Most of the sex workers that the MSF teams support have difficulty accessing care, due to their precarious situation and the stigma to which they are subjected. "These include unwanted pregnancies, unsafe abortions that can lead to serious complications or even death, a high prevalence of sexually transmitted infections, particularly HIV, and often injuries caused by clients", explains Charlie Masiku, MSF's Community Based Organisations project coordinator in Malawi.

After six years of direct support to sex workers in Dedza and Zalewa, MSF teams have helped them to form community organisations, starting in 2020, and to develop the skills needed to empower them in terms of access to healthcare. Trained sex workers, identified by others as "peers", now carry out health promotion initiatives (on safe sex practices, contraception, etc.), provide support in the fight against sexual violence and are also involved in preventing sexually transmitted infections.

Sharing experience and information is at the heart of their approach. For example, they provide information on Pre-Exposure Prophylaxis (PrEP) to protect HIV-negative sex workers and deliver training in screening for HIV and the human papillomavirus, which causes cervical cancer. For this activity, they go door to door to other sex workers to collect samples

Every other week, an MSF team consisting of a nurse, a health promoter and a psychologist visit some locations to provide more in-depth medical support. “Sometimes we refer women to hospitals for health problems that can't be treated by our teams or in local health centres, but they can't afford to go to a hospital two hours from home," continues the project coordinator. “So we meet young women with very advanced health problems.”
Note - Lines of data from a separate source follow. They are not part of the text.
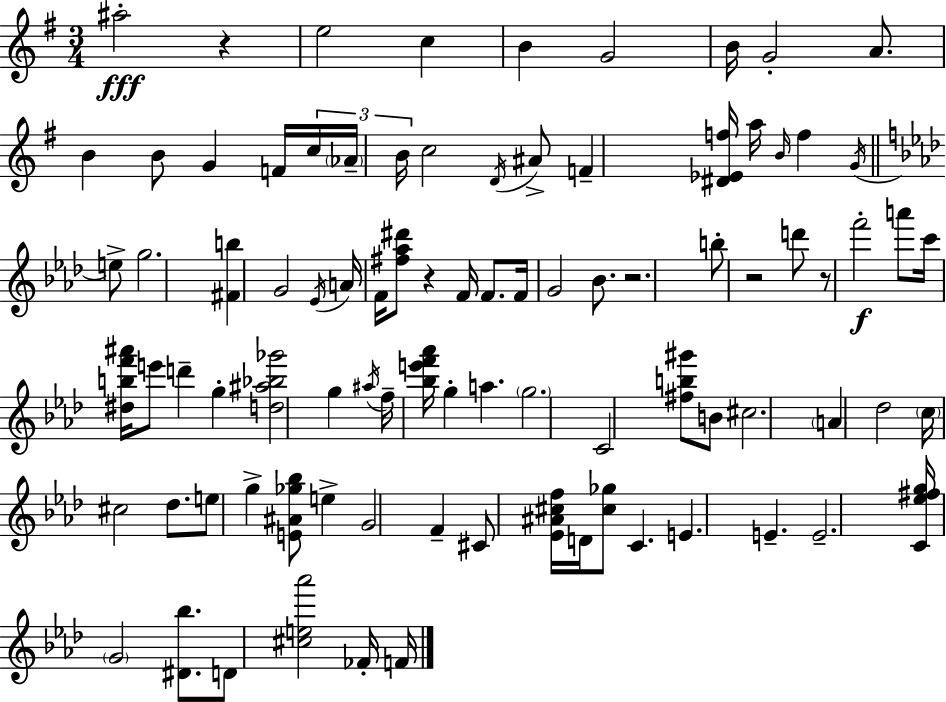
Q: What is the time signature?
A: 3/4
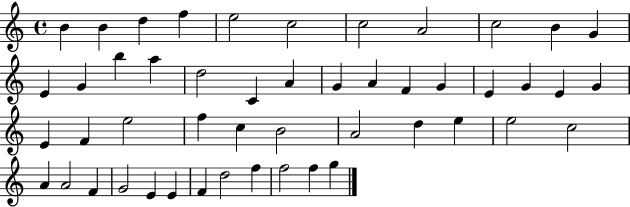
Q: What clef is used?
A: treble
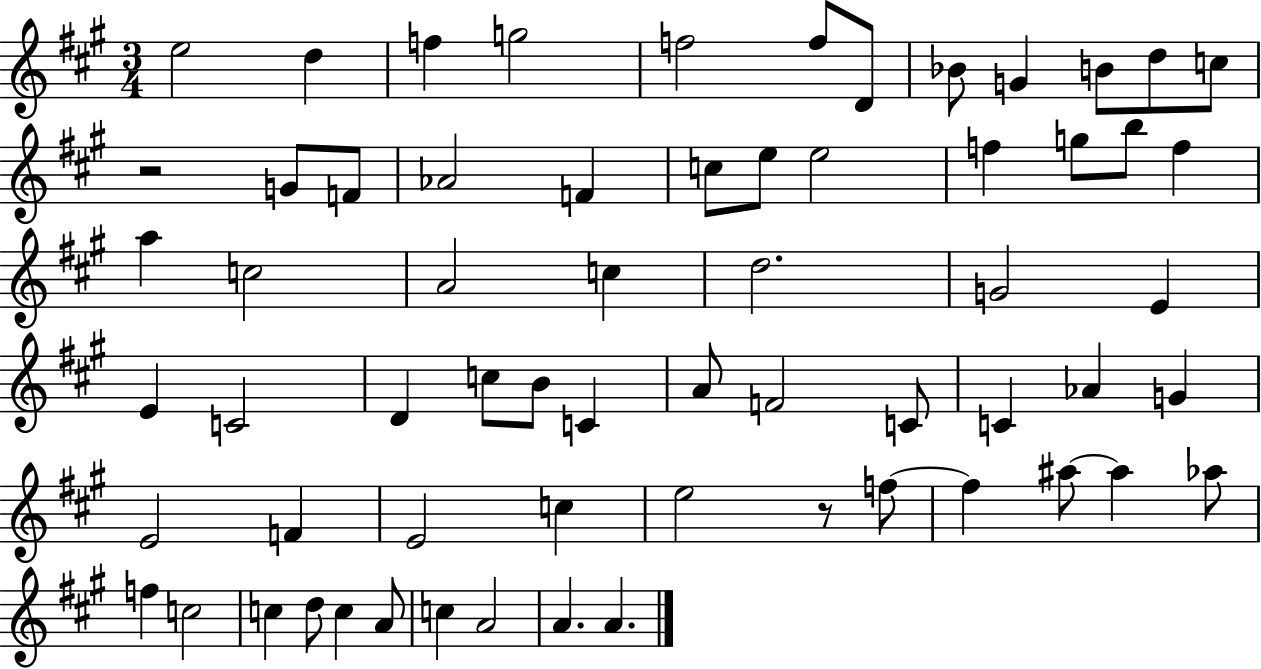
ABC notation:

X:1
T:Untitled
M:3/4
L:1/4
K:A
e2 d f g2 f2 f/2 D/2 _B/2 G B/2 d/2 c/2 z2 G/2 F/2 _A2 F c/2 e/2 e2 f g/2 b/2 f a c2 A2 c d2 G2 E E C2 D c/2 B/2 C A/2 F2 C/2 C _A G E2 F E2 c e2 z/2 f/2 f ^a/2 ^a _a/2 f c2 c d/2 c A/2 c A2 A A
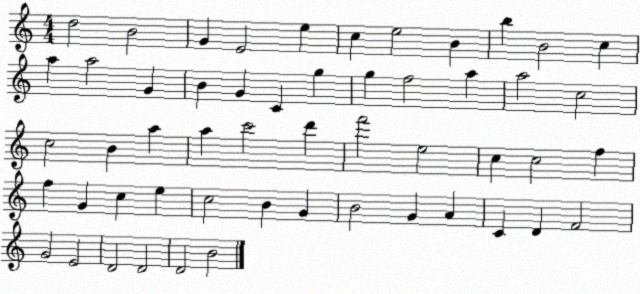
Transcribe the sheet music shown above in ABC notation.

X:1
T:Untitled
M:4/4
L:1/4
K:C
d2 B2 G E2 e c e2 B b B2 c a a2 G B G C g g f2 a a2 c2 c2 B a a c'2 d' f'2 e2 c c2 f f G c e c2 B G B2 G A C D F2 G2 E2 D2 D2 D2 B2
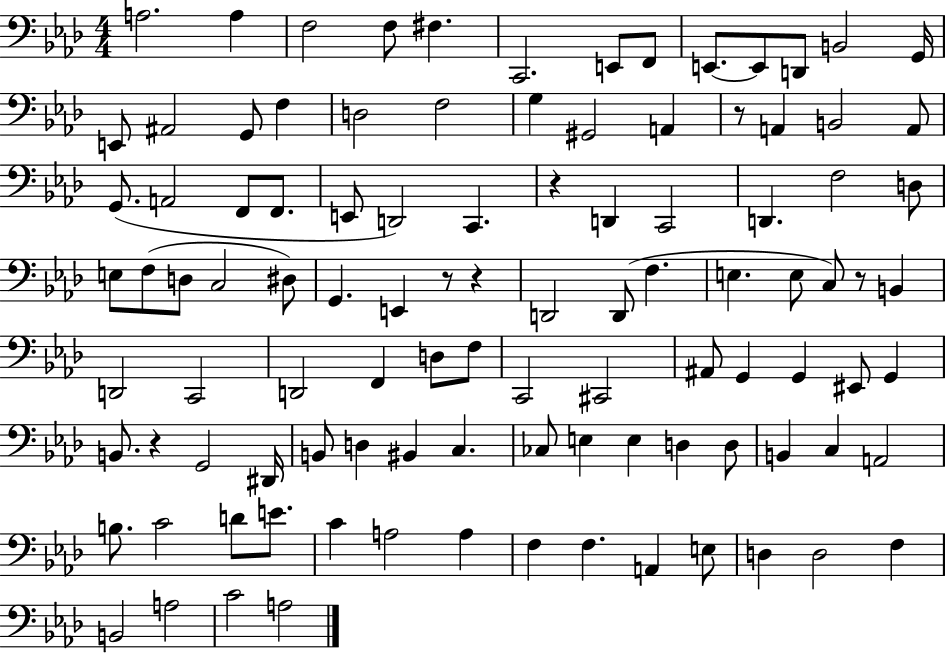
{
  \clef bass
  \numericTimeSignature
  \time 4/4
  \key aes \major
  a2. a4 | f2 f8 fis4. | c,2. e,8 f,8 | e,8.~~ e,8 d,8 b,2 g,16 | \break e,8 ais,2 g,8 f4 | d2 f2 | g4 gis,2 a,4 | r8 a,4 b,2 a,8 | \break g,8.( a,2 f,8 f,8. | e,8 d,2) c,4. | r4 d,4 c,2 | d,4. f2 d8 | \break e8 f8( d8 c2 dis8) | g,4. e,4 r8 r4 | d,2 d,8( f4. | e4. e8 c8) r8 b,4 | \break d,2 c,2 | d,2 f,4 d8 f8 | c,2 cis,2 | ais,8 g,4 g,4 eis,8 g,4 | \break b,8. r4 g,2 dis,16 | b,8 d4 bis,4 c4. | ces8 e4 e4 d4 d8 | b,4 c4 a,2 | \break b8. c'2 d'8 e'8. | c'4 a2 a4 | f4 f4. a,4 e8 | d4 d2 f4 | \break b,2 a2 | c'2 a2 | \bar "|."
}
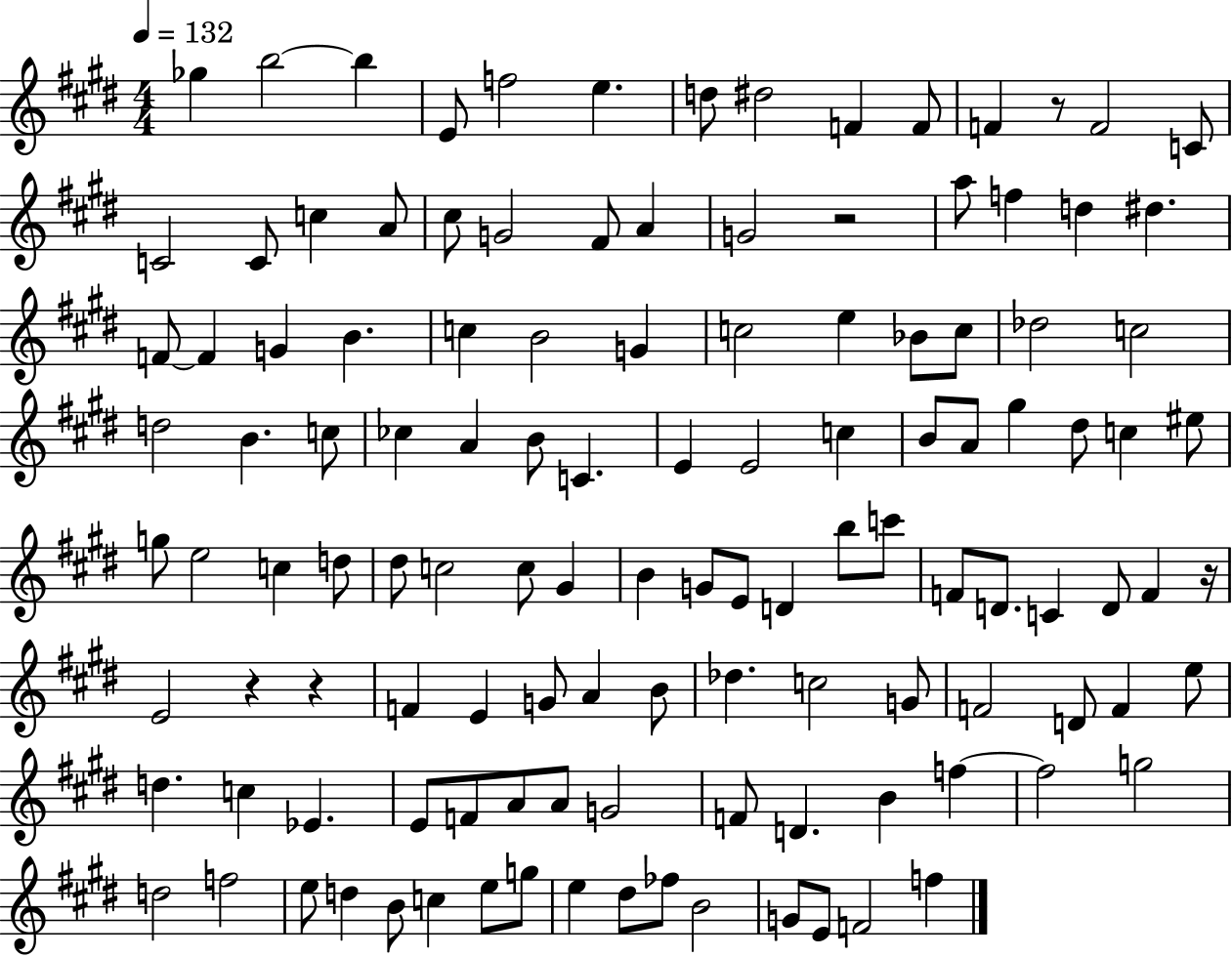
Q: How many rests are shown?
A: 5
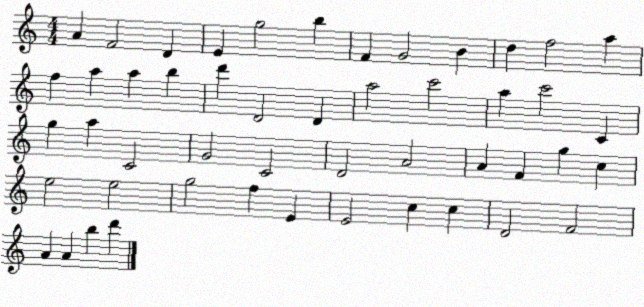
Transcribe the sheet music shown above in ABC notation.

X:1
T:Untitled
M:4/4
L:1/4
K:C
A F2 D E g2 b F G2 B d f2 a f a a b d' D2 D a2 c'2 a c'2 C g a C2 G2 C2 D2 A2 A F g c e2 e2 g2 f E E2 c c D2 F2 A A b d'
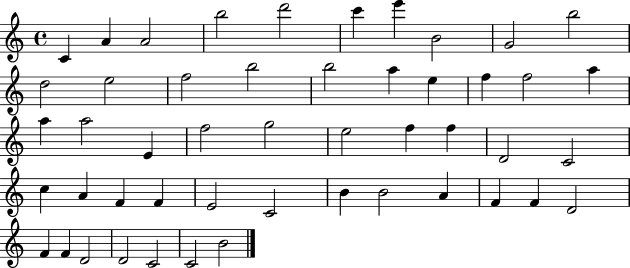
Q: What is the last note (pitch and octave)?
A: B4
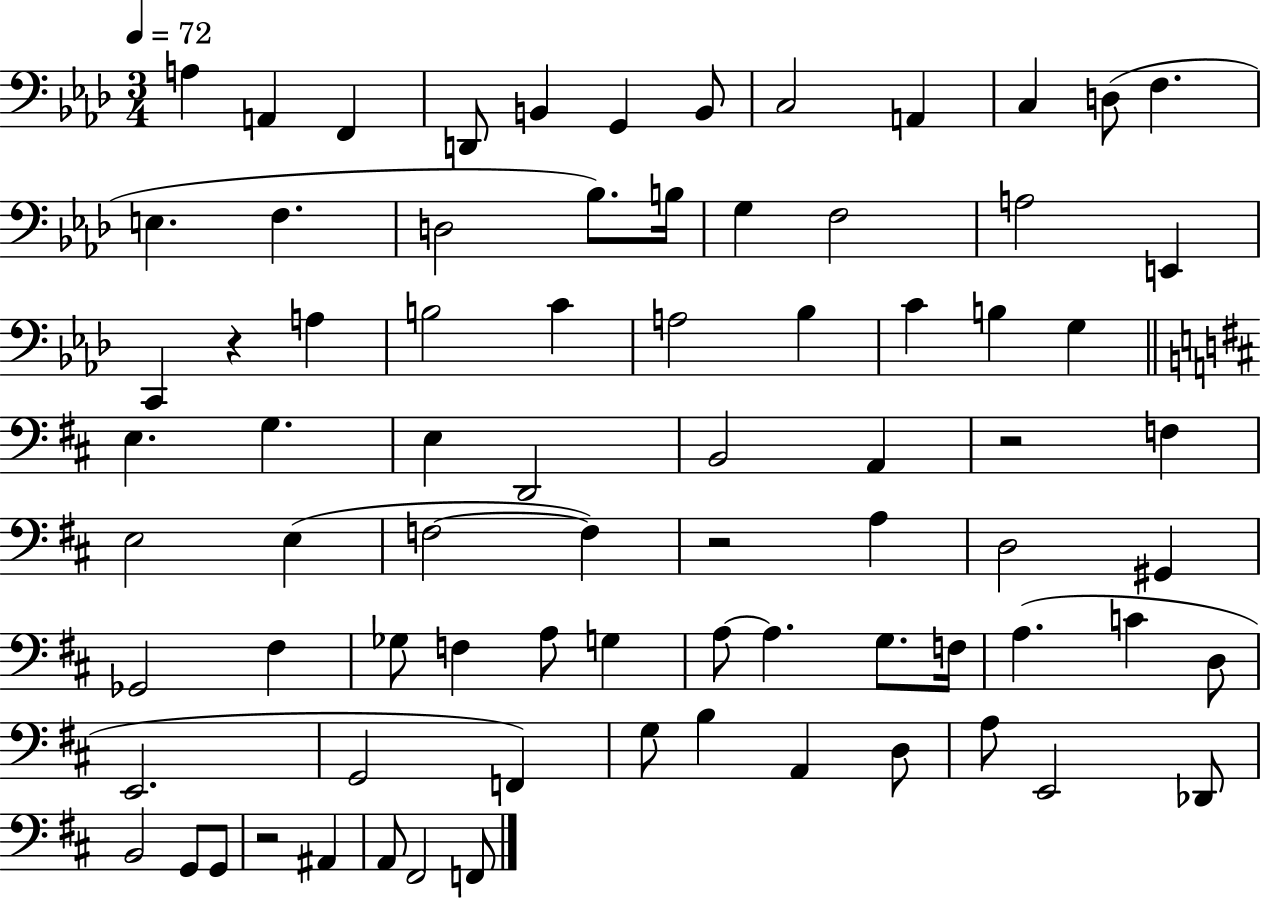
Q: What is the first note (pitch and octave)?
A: A3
But in recent years, the economic situation and working environment of these women has steadily deteriorated: inflation is rising, and the local currency, the kwacha, has been devalued. Customers are abusing them more and more, transaction prices are falling, and they have to increase the number of customers they receive each day.

"Capacity building in the field of health is very important and a step in the right direction. However, these women also need to receive economic and social support from other organizations to enable them and their children to get out of this situation", explains Charlie Masiku.

Agnès, whose 23-year-old daughter has also become a sex worker, confirms: "I suffer a lot to find food for the girls and uniforms for school. But it's very difficult to stop because if I stop now, what am I going to do to earn money?"

Since the beginning of the year, MSF teams have been trying to establish links with local organizations that could help pay children's school fees or help women develop professional skills that would enable them to obtain other sources of income, by growing and selling fruit and vegetables, making soap or raising livestock. This is crucial to making a difference to women's health and lives in the long term.

Since 2022, more than 1,800 women have benefited from sexual and reproductive health services, mental health support, health promotion and treatment.